- Task details -
Restate all the lines below word for word, but omit the pictures.

- Supplied material -
----
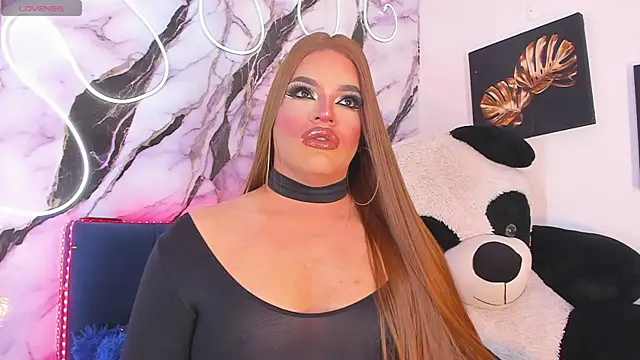 Missisabella  online show from May 2026 12:51:02 AM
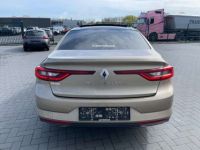 Renault Talisman 1.6 TCe Energy Initiale Paris -- FULL.OPTION - <small></small> 18.990 € <small>TTC</small> - #5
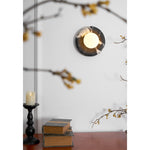 orli-black-marble-sconce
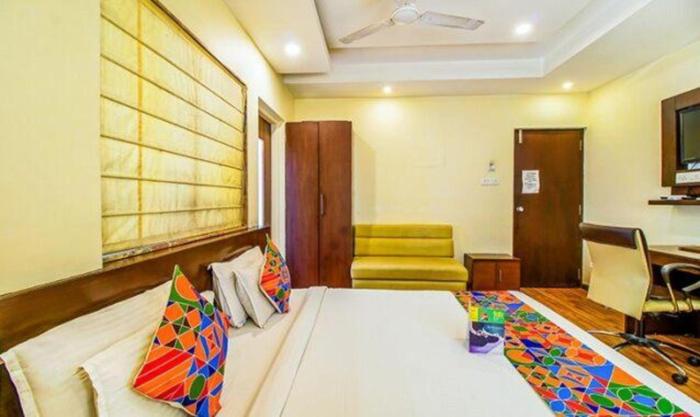 loharkar family hotel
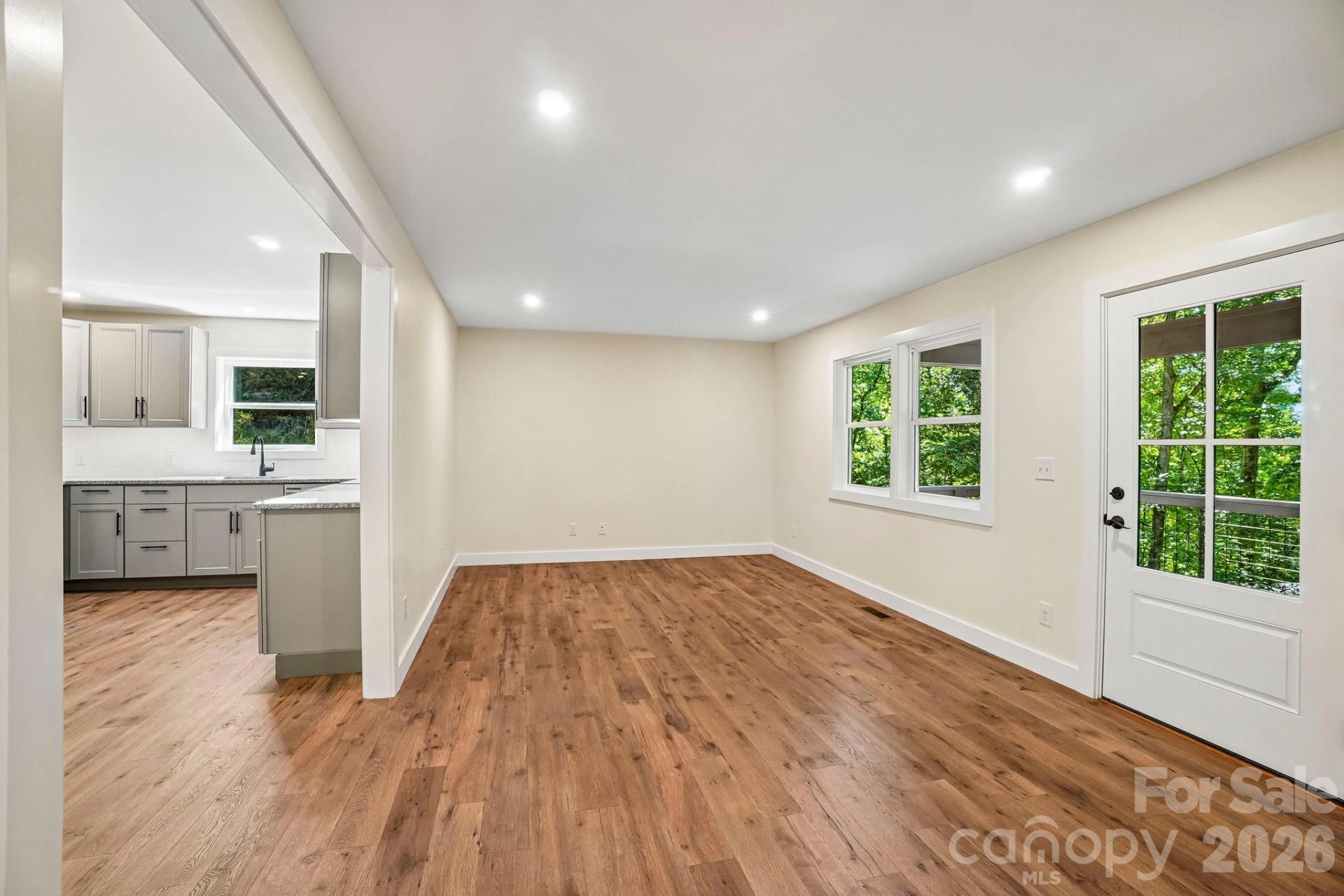 165 Westwood Drive - Photo 8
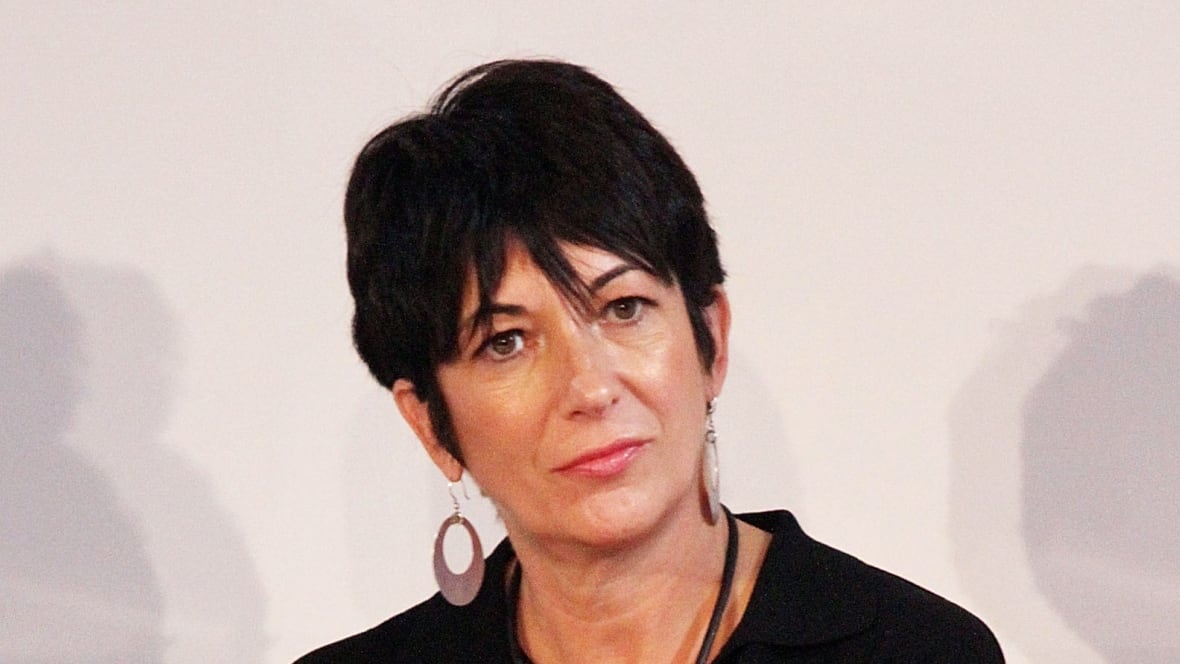 ghislaine-maxwell-105.jpeg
----
- Answer space -
 Missisabella  online show from May 2026 12:51:02 AM
 Renault Talisman 1.6 TCe Energy Initiale Paris -- FULL.OPTION - <small></small> 18.990 € <small>TTC</small> - #5
 orli-black-marble-sconce
 loharkar family hotel
 165 Westwood Drive - Photo 8
 ghislaine-maxwell-105.jpeg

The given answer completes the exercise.